### SOURCE DATA
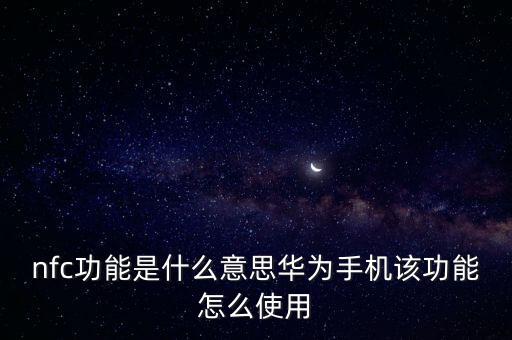 nfc功能是什么意思華為手機(jī)該功能怎么使用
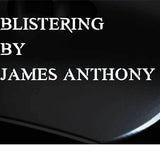 Blistering by James Anthony - Brown Bear Magic Shop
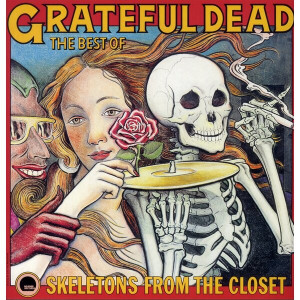 Skeletons From the Closet: The Best of Grateful Dead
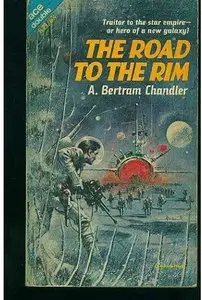 A. Bertram Chandler, "The Road To The Rim"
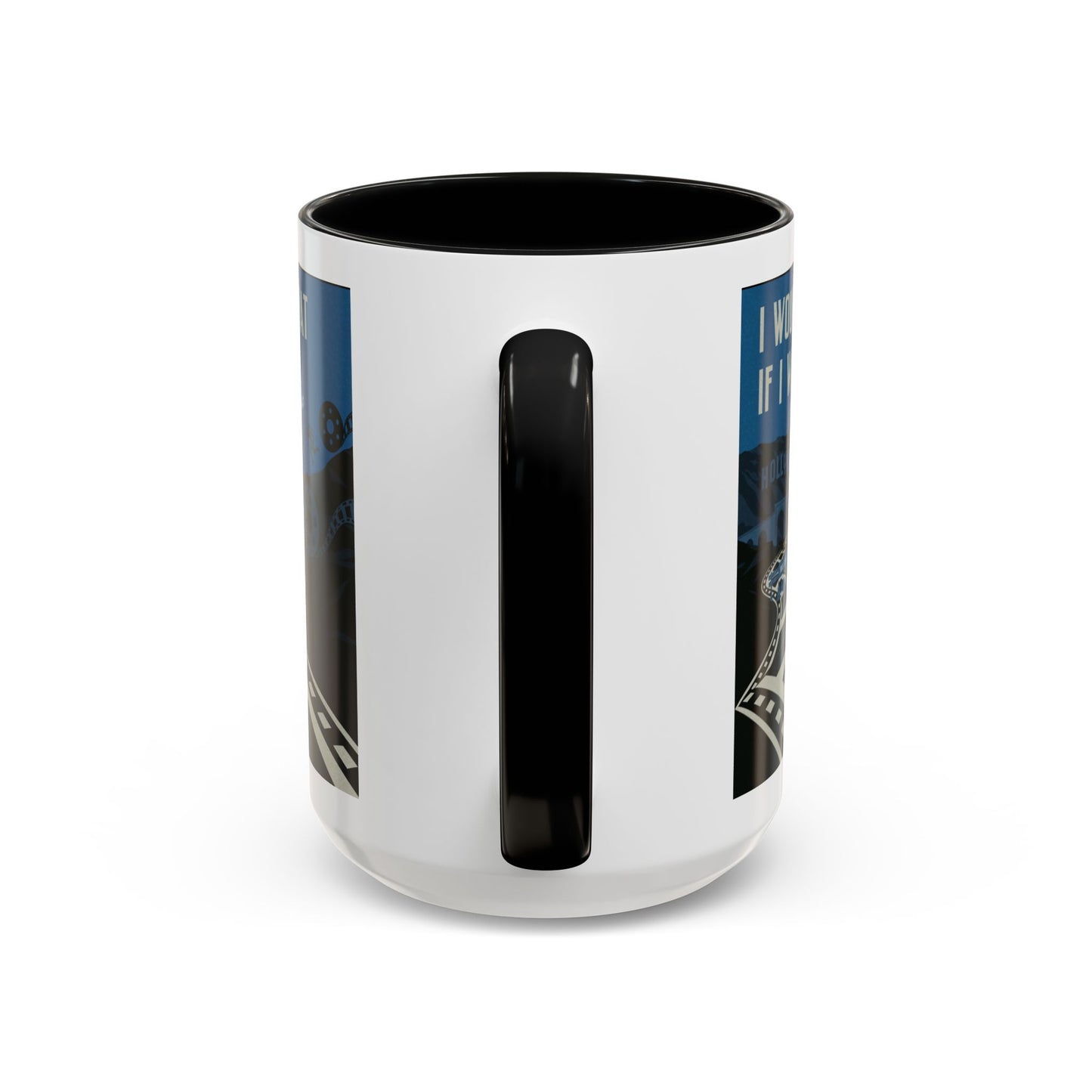 I Wouldn’t Do That If I Were You Podcast | 15oz Coffee Mug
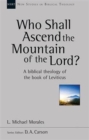 Who Shall Ascend the Mountain of the Lord? : A Theology Of The Book Of Leviticus - Book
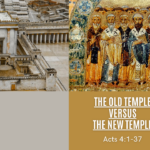 The Old Temple Versus The New Temple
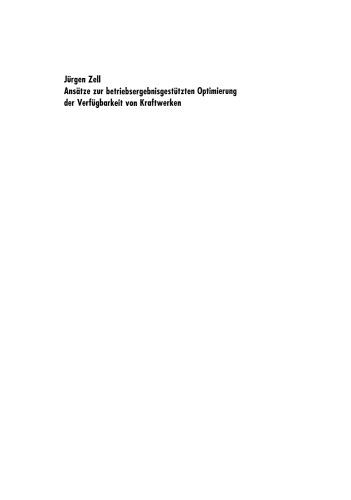 Ansätze zur betriebsergebnisgestützten Optimierung der Verfügbarkeit von Kraftwerken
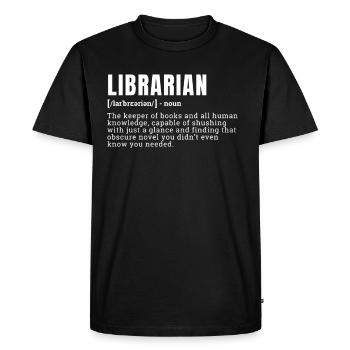 Funny Librarian Definition Humor Occupation - Men's Premium Organic T-Shirt - black - Front - Nico (187cm)
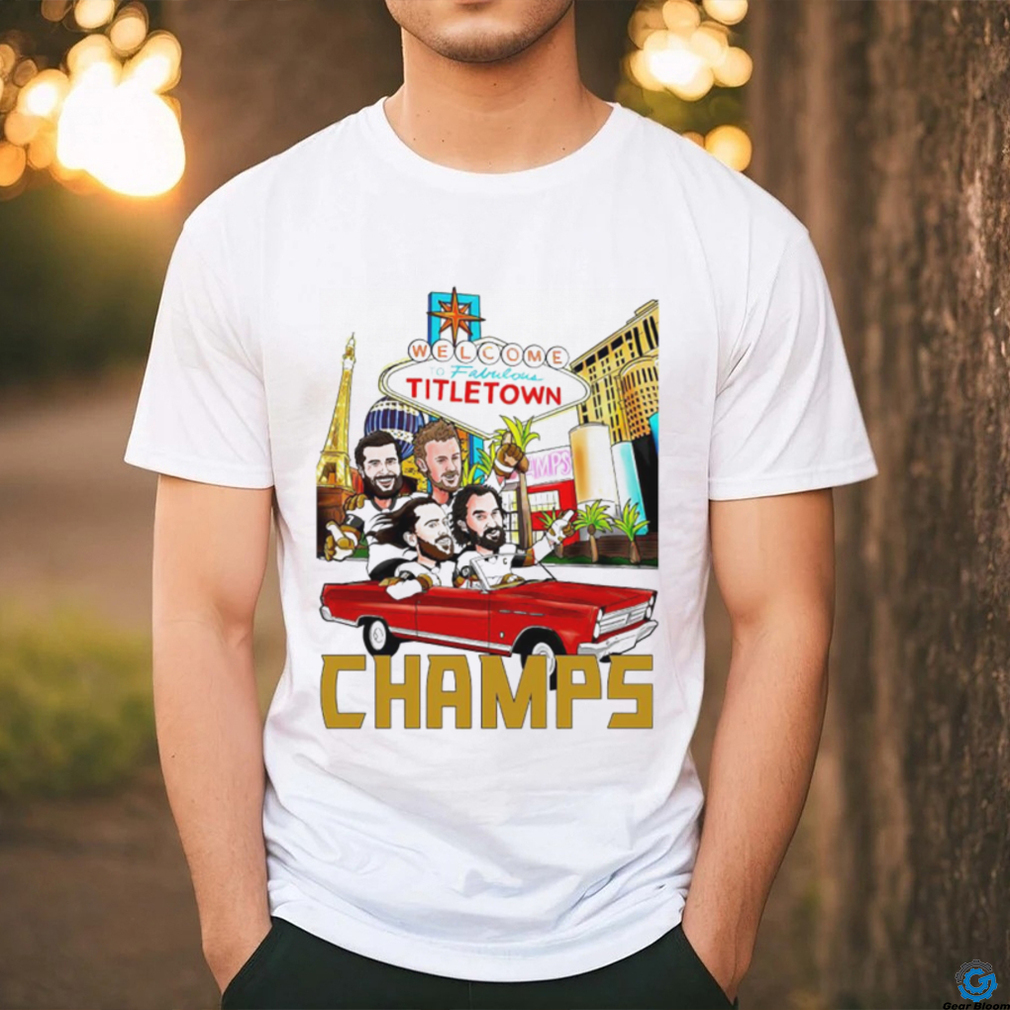 Vegas Golden Knights Welcome to Fabulous Titletown Champs on car shirt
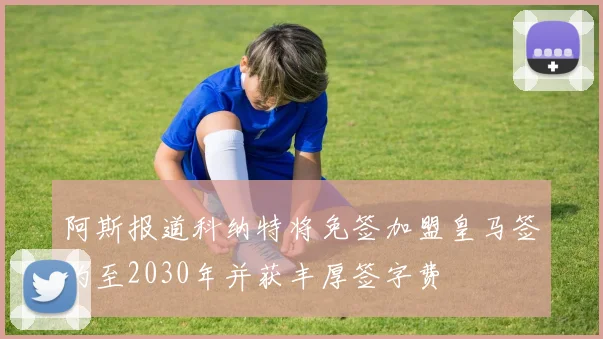 阿斯报道科纳特将免签加盟皇马签约至2030年并获丰厚签字费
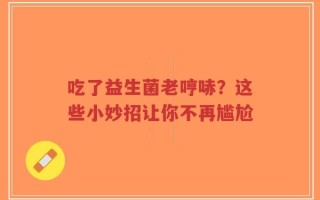 吃了益生菌老哼哧？这些小妙招让你不再尴尬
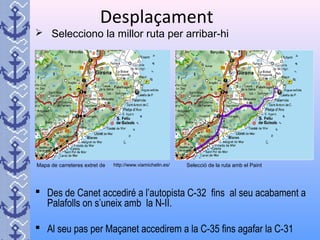 Desplaçament
 Selecciono la millor ruta per arribar-hi
 Des de Canet accediré a l’autopista C-32 fins al seu acabament a
Palafolls on s’uneix amb la N-II.
 Al seu pas per Maçanet accedirem a la C-35 fins agafar la C-31
Mapa de carreteres extret de http://www.viamichelin.es/ Selecció de la ruta amb el Paint
 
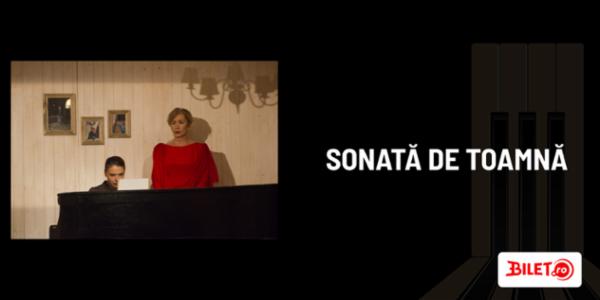 SONATĂ DE TOAMNĂ Nottara - Sala George Constantin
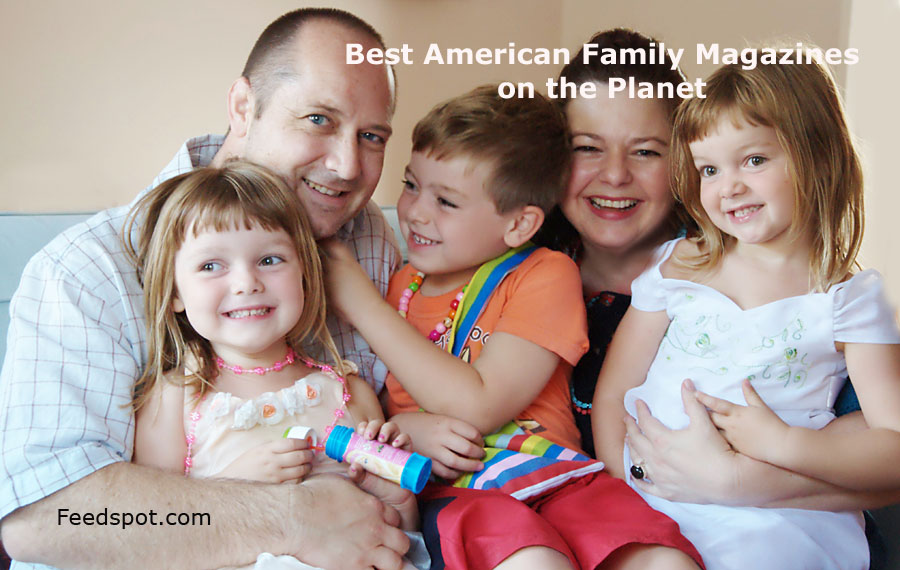 Top 10 American Family Magazines In 2024   American Family Magazines 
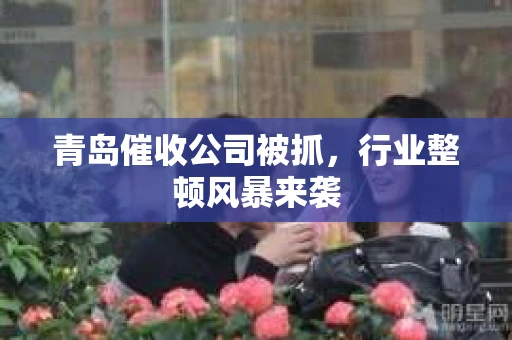 青岛催收公司被抓，行业整顿风暴来袭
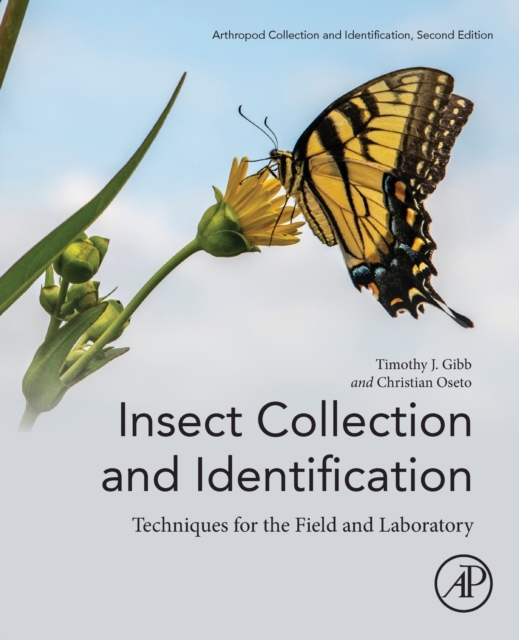 Insect Collection and Identification : Techniques for the Field and Laboratory, Paperback / softback Book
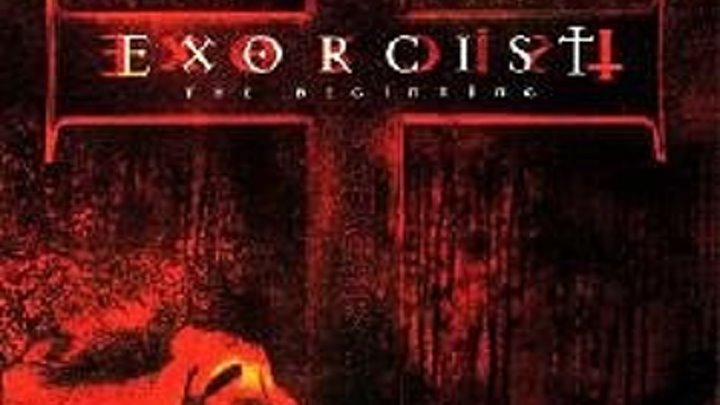 Изгоняющий дьявола: Начало \ Exorcist: The Beginning (2004)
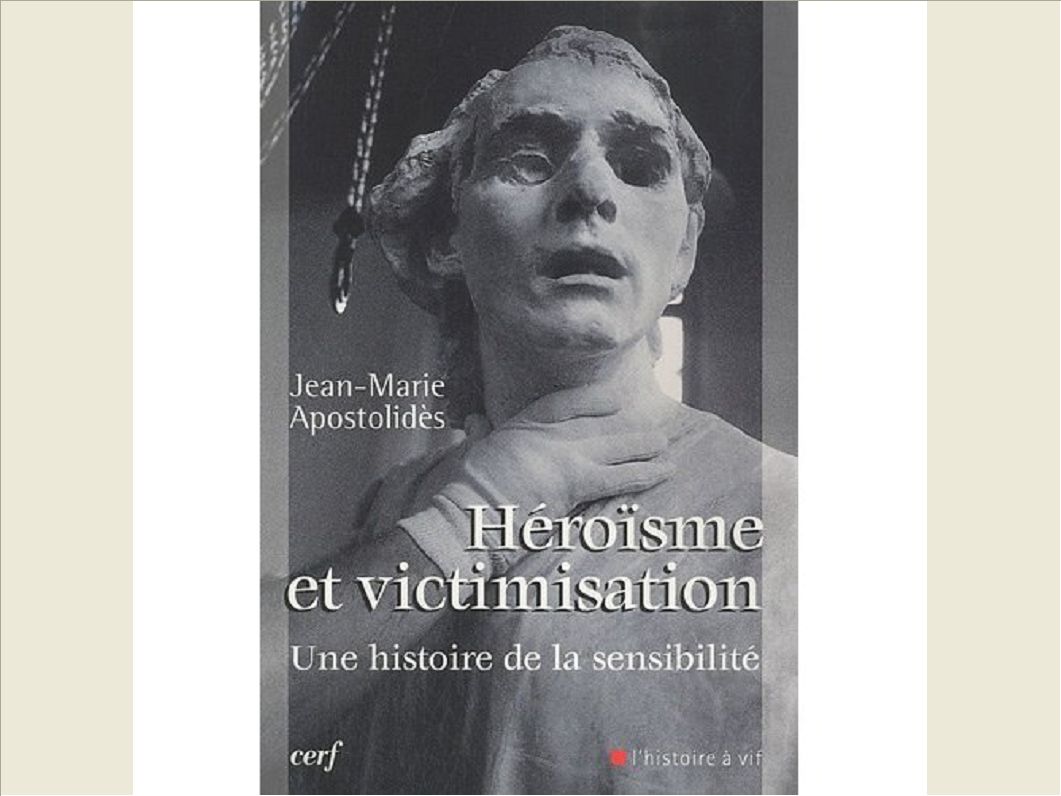 HEROISME ET VICTIMISATION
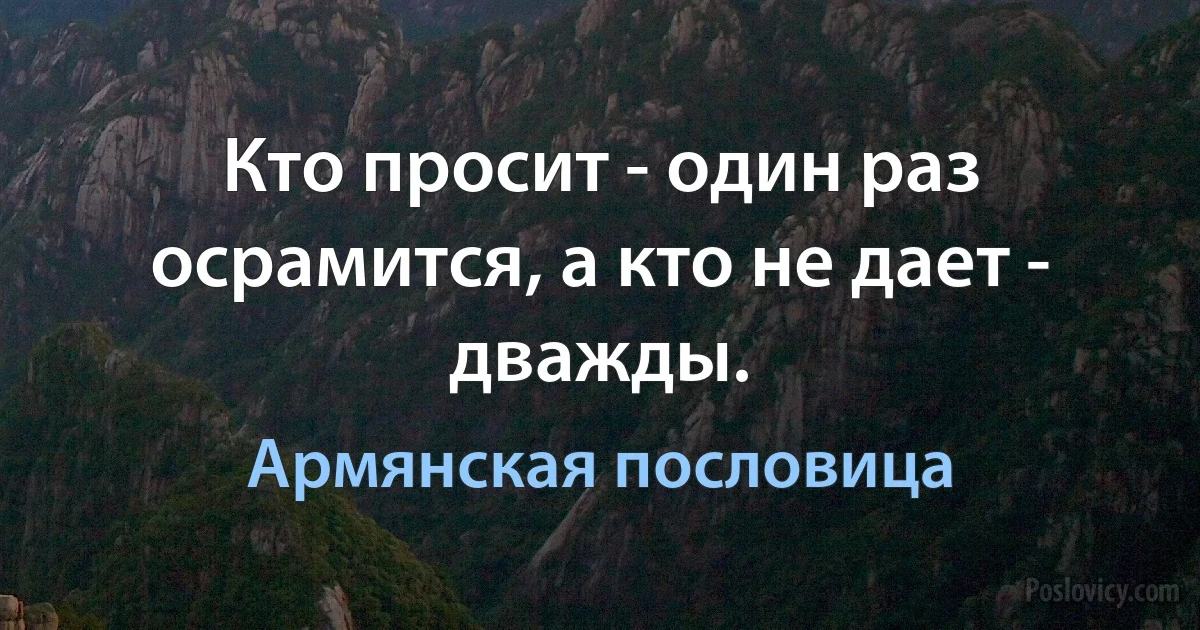 Кто просит - один раз осрамится, а кто не дает - дважды. (Армянская пословица)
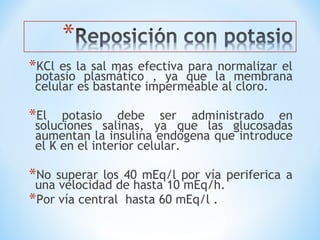 *KCl es la sal mas efectiva para normalizar el
potasio plasmático , ya que la membrana
celular es bastante impermeable al cloro.
*El potasio debe ser administrado en
soluciones salinas, ya que las glucosadas
aumentan la insulina endógena que introduce
el K en el interior celular.
*No superar los 40 mEq/l por vía periferica a
una velocidad de hasta 10 mEq/h.
*Por vía central hasta 60 mEq/l .
 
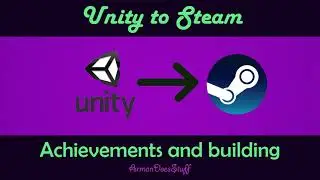 Steam integration with Unity - Achievements, Leaderboards, Building and Uploading - No paid addons
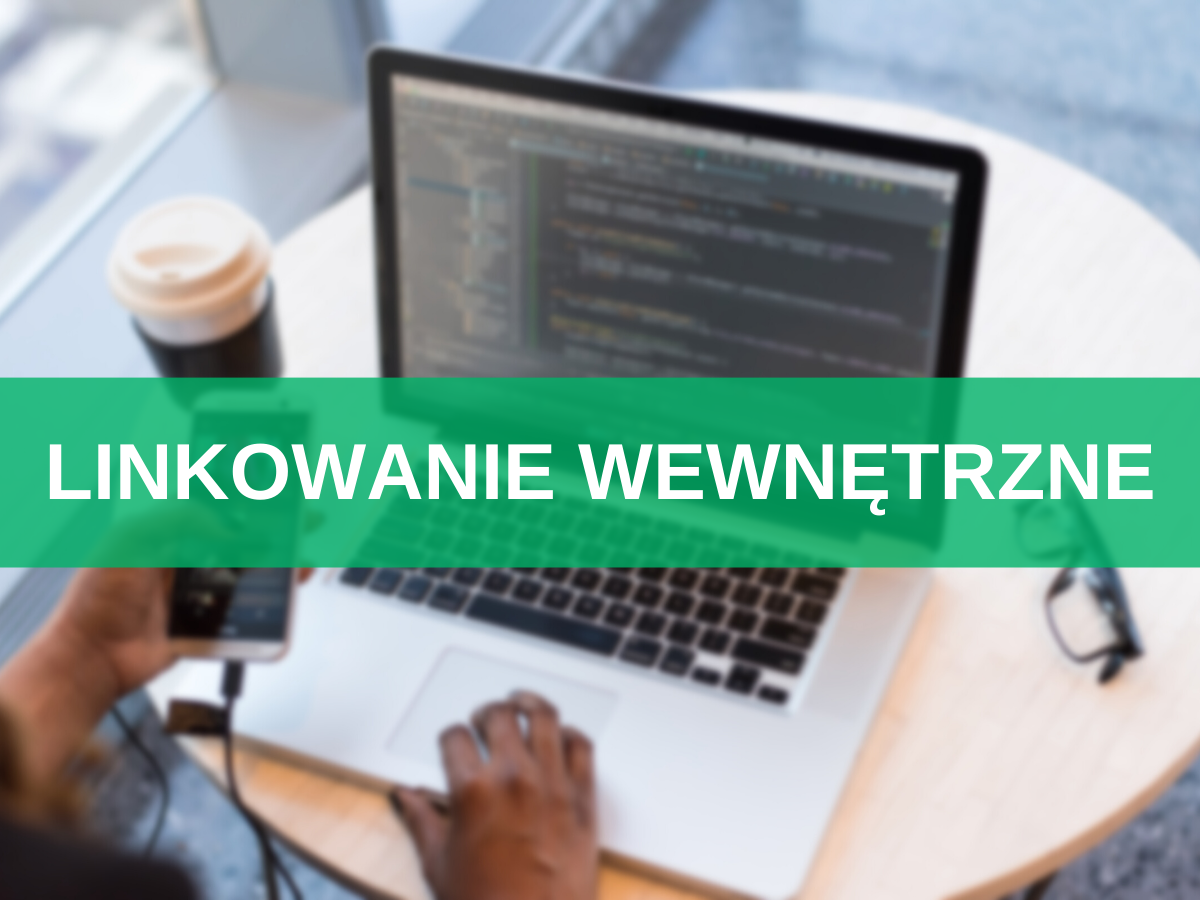 Linkowanie Wewnętrzne W Seo Jak Umieszczać Linki Wewnętrzne Sempire 5801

### YOUR ASSIGNMENT
Using the records above, print exactly the lines between the ones containing "I Wouldn’t Do" and "Desplaçament", inclusive, and nothing else; no pictures.

### ANSWER BOX
 I Wouldn’t Do That If I Were You Podcast | 15oz Coffee Mug
 Who Shall Ascend the Mountain of the Lord? : A Theology Of The Book Of Leviticus - Book
 The Old Temple Versus The New Temple
 Ansätze zur betriebsergebnisgestützten Optimierung der Verfügbarkeit von Kraftwerken
 Funny Librarian Definition Humor Occupation - Men's Premium Organic T-Shirt - black - Front - Nico (187cm)
 Vegas Golden Knights Welcome to Fabulous Titletown Champs on car shirt
 阿斯报道科纳特将免签加盟皇马签约至2030年并获丰厚签字费
 吃了益生菌老哼哧？这些小妙招让你不再尴尬
 Desplaçament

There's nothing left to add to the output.